Click here to enlarge image

While ways to solve the alignment problem are under development, Lucchetti and her colleagues turned to a way of exploiting the nonlinearity that did not require strict uniformity—phase conjugation through four-wave mixing. This is a phenomenon most commonly associated with photorefractive crystals and involves a light beam interacting with itself. Three beams are used—two normal and counterpropagating pump beams, and the signal beam. The interference of the pump beams creates a grating in the crystal that in turn causes reflection and interference in the signal beam. The result is a clean version of the incoming beam reflected from the device.

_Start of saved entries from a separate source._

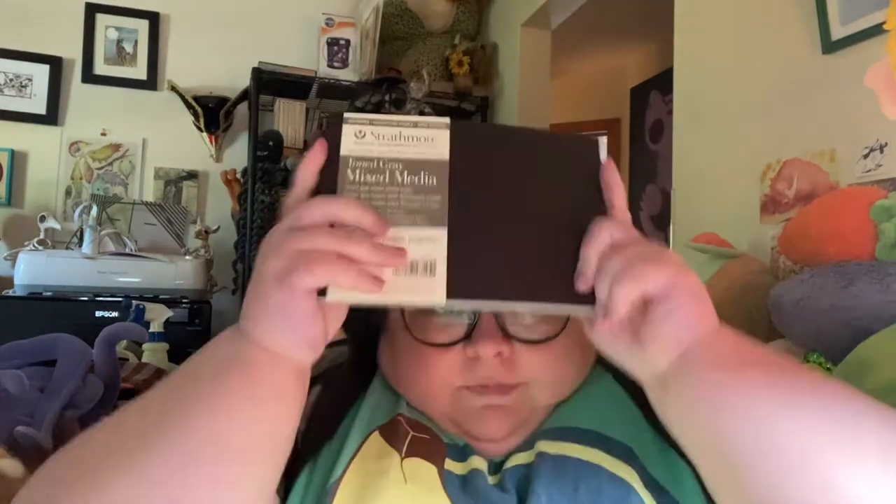Let's get rid of the box. First things first is a Strathmore gray-toned mixed-media book. Strathmore mixed-media books are really nice. This is like a little half one. I've used the brown-toned sketchbook paper before, but never the gray. And I didn't know that the mixed-media sketchbooks came toned. So that is good to know. But I like Strathmore, so that's good.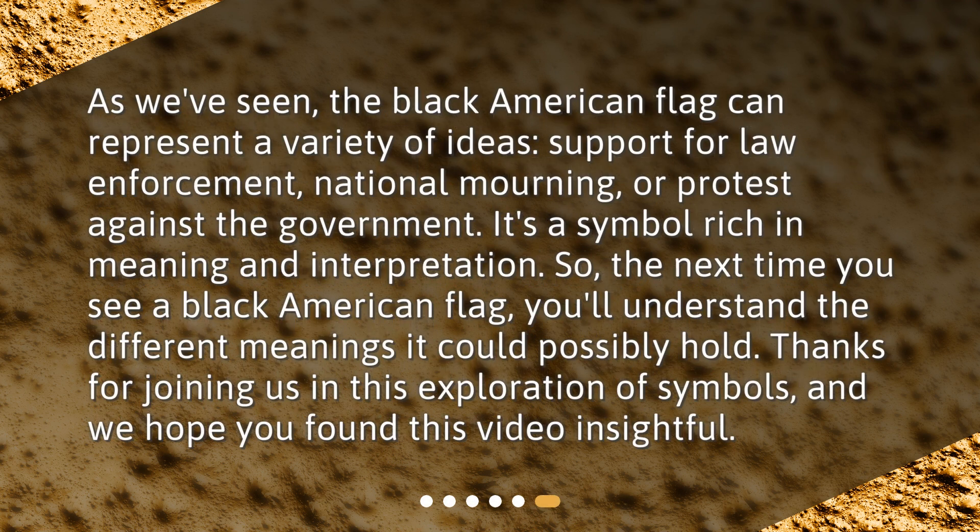As we've seen, the Black American Flag can represent a variety of ideas: support for law enforcement, national mourning, or protest against the government. It's a symbol rich in meaning and interpretation. So the next time you see a Black American Flag, you'll understand the different meanings it could possibly hold. Thanks for joining us in this exploration of symbols, and we hope you found this video insightful.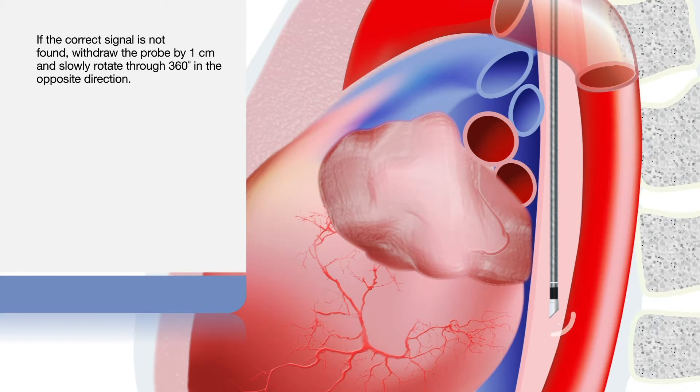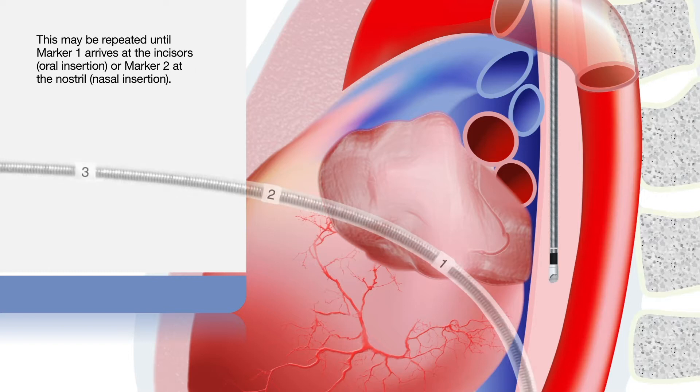If the correct signal is not found, withdraw the probe by about one centimetre and slowly rotate through 360 degrees in the opposite direction. This may be repeated until marker 1 arrives at the incisors for oral insertion, or marker 2 at the nostril for nasal insertion.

The difference here is that, unlike solid photorefractive crystals that require large bulk (usually millimeters or centimeters) and high power, the new LC device is both extremely thin (just 1 µm thick) and can be used with low-power beams.2 In their experiments, a 50-µW signal was reflected with an efficiency of 1%, rising to 1.6% for around 300 µW, and the emerging beam was found to be perfectly corrected. In addition, unlike some other nonlinear materials, no external field is required—not even as a bias.


  1. L. Lucchetti et al., Optics Communications 233 (April 1, 2004).
  2. L. Lucchetti et al., Appl. Phys. Lett. 83(26) 29 (December 2003).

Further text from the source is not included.